I am the optimistic one in the family. I am the one who looks for the silver lining behind the cloud. I am the one who convinces everyone – including her – that everything will be alright. Except that lately, I am not doing a very good job of it. Lately, it feels like I am back on the boardwalk in Rehobeth Beach playing a game of whack-a-mole with myself against all the things that make me angry, make me sad and make me worry. After a week like this one, the house is winning and I am struggling to stay in the game much less being optimistic.
To date, there are over 100,000 people dead in the United States from the coronavirus. Yet another African-American man is the victim of unnecessary police violence and now lies in the morgue in Minneapolis. A white woman in Central Park calls 911 claiming her life is being threatened when she simply was being asked by a bird watcher to follow the law and put her dog on the leash. There is a segment of this country that is so self-serving that they feel being asked to wear a mask to protect the health of their neighbors is a violation of their civil liberties. And then the purported commander-in-chief in a complete and total meltdown because Twitter finally decided to do something smart – like fact check one of his lies – decides that encouraging violence on Twitter is a wise move.
Okay – so that was exhausting but I will say the mere act of writing it all down and naming it might not make me very optimistic, but it does make me feel slightly less overwhelmed – that was until Friday night.
I try to stay away from the news in the evening. It’s just too upsetting and disturbs my sleep. But Friday I was glued to the television as I watched the windows of CNN in Atlanta smashed, as the protests from the death of George Floyd turn violent.
Then I looked in the mirror and at the remote with voice search in my hand and remembered I was no longer a teenager.
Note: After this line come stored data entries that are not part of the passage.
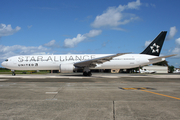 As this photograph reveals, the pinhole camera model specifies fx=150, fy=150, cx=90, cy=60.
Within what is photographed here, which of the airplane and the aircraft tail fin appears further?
the aircraft tail fin

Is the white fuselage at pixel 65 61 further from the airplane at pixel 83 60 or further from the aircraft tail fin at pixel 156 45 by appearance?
the aircraft tail fin at pixel 156 45

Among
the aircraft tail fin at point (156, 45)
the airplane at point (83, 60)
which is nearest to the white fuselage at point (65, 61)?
the airplane at point (83, 60)

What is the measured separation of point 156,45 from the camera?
86.2 ft

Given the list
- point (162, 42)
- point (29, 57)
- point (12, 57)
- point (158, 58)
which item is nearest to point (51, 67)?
point (29, 57)

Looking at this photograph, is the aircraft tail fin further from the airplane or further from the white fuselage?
the white fuselage

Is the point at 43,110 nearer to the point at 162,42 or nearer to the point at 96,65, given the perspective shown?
the point at 96,65

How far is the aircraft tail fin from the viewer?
2616cm

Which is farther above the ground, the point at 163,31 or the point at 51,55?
the point at 163,31

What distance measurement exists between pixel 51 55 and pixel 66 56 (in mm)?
2762

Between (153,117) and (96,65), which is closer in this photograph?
(153,117)

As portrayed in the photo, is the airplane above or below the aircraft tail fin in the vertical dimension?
below

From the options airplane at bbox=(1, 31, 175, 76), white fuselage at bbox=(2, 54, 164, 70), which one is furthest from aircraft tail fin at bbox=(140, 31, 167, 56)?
white fuselage at bbox=(2, 54, 164, 70)

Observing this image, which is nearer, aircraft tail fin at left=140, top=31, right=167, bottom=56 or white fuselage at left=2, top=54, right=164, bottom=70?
white fuselage at left=2, top=54, right=164, bottom=70

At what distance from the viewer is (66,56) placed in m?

I was a grown woman who has lived through a lot of turmoil in this country yet somehow as aware as I like to think I am, had retained the naiveté of the younger me, and had let herself believe this kind of stuff was in our past.
But it’s not. It’s our present. The house is literally on fire and we have a leader who likes fires and is intent on stoking this one.
Mom tells me she has never seen anything like this. She cries that she can’t believe this is happening in the United States. She is terrified Trump could get reelected and does not understand how anyone in their right mind could vote for him.
I want to put my arms around her and tell her it’s going to be okay and protect her the way she did me when I was growing up and our roles were more clearly defined, but in these days of social distancing that is not an option.
I don’t want to say the truth – that I am worried too – so I play my pretend game of whack-a-mole and pick up my rubber mallet and take a big whack at my own sadness and fears for what is happening in our country and I dig deep to find my optimistic self. I do my best song and dance as I try to convince her that we will get to the other side of this even though she and I both know it’s unlikely she’ll live long enough to see this darkness lift.
I do such a good job that for a brief period of time I believe myself and I imagine I have won my game and the man at the arcade is about to ask me which stuffed animal I’d like as my prize. It lasts until I check my Twitter feed.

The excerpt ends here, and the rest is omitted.